**Work order**: The required answer is an exact copy of every line from the beginning of the entries through the line with "Комплект садовой мебели", with all pictures omitted.

**Listed records**:
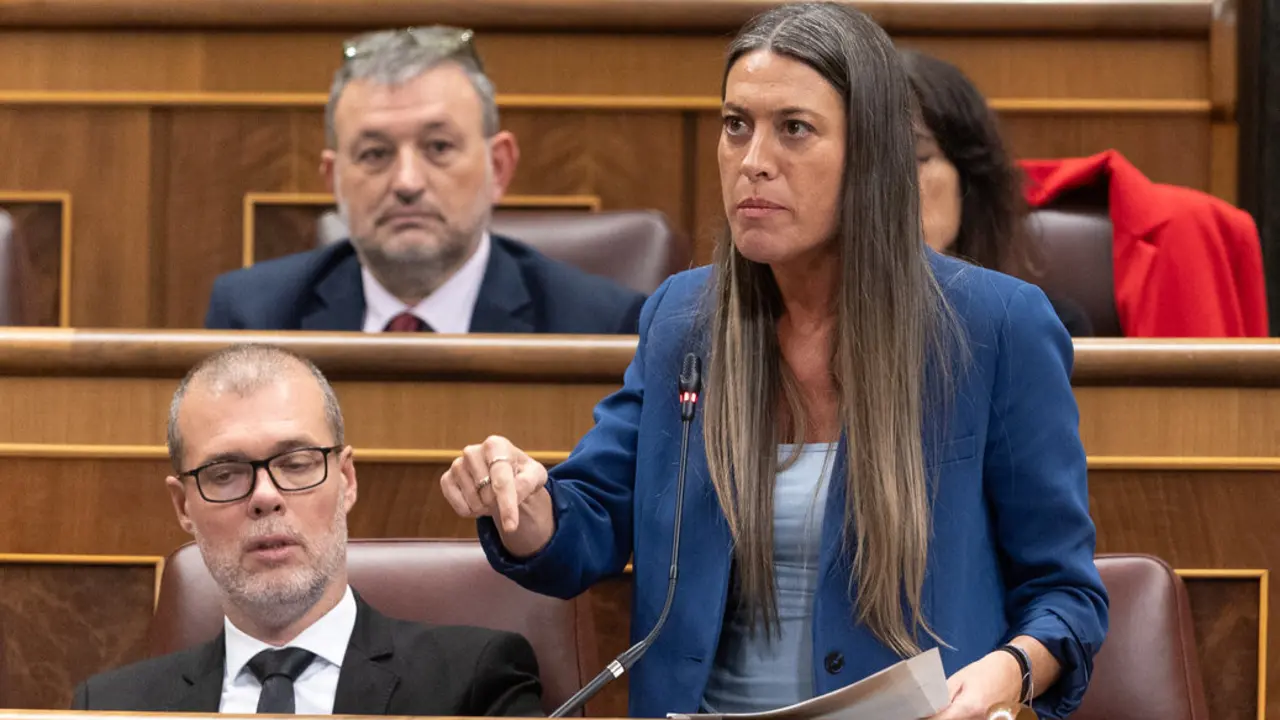 La portavoz de Junts en el Congreso, Miriam Nogueras. / EP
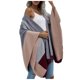 thumbnail image 2 of Ichuanyi liquidación damas a cuadros a cuadros grandes talla de punto de punto suelto chaqueta de punto de punto ICHUANYI WER202308212580, 2 of 6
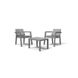 Комплект садовой мебели Keter Emily Balcony Set 247064 серый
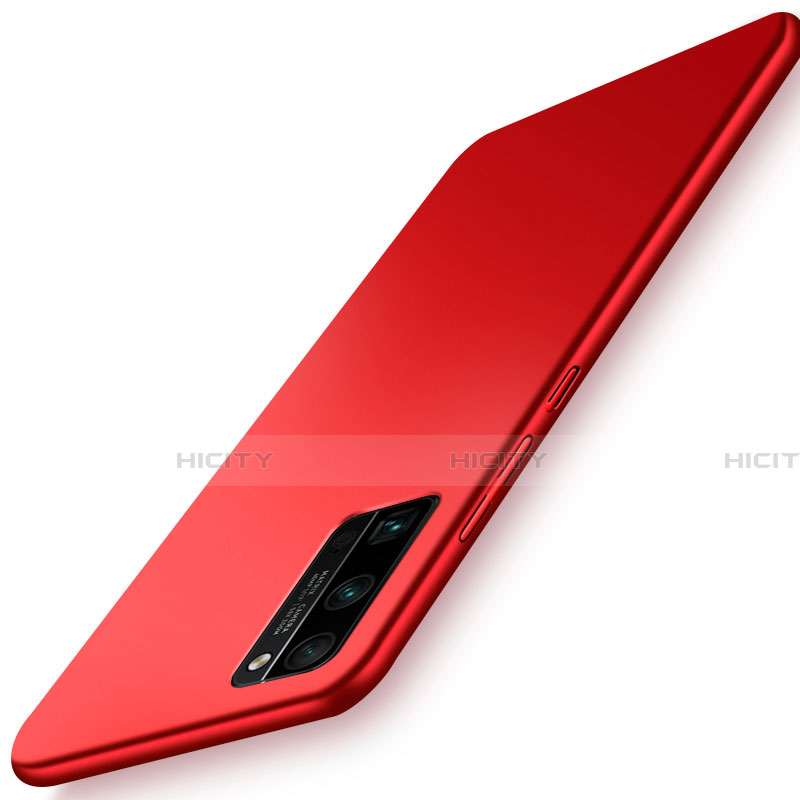 Funda Dura Plastico Rigida Carcasa Mate M02 para Huawei Honor 30 Pro Rojo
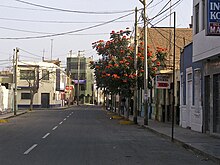 Vue d'une des rues de Huacho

**Task answer**:
 La portavoz de Junts en el Congreso, Miriam Nogueras. / EP
 thumbnail image 2 of Ichuanyi liquidación damas a cuadros a cuadros grandes talla de punto de punto suelto chaqueta de punto de punto ICHUANYI WER202308212580, 2 of 6
 Комплект садовой мебели Keter Emily Balcony Set 247064 серый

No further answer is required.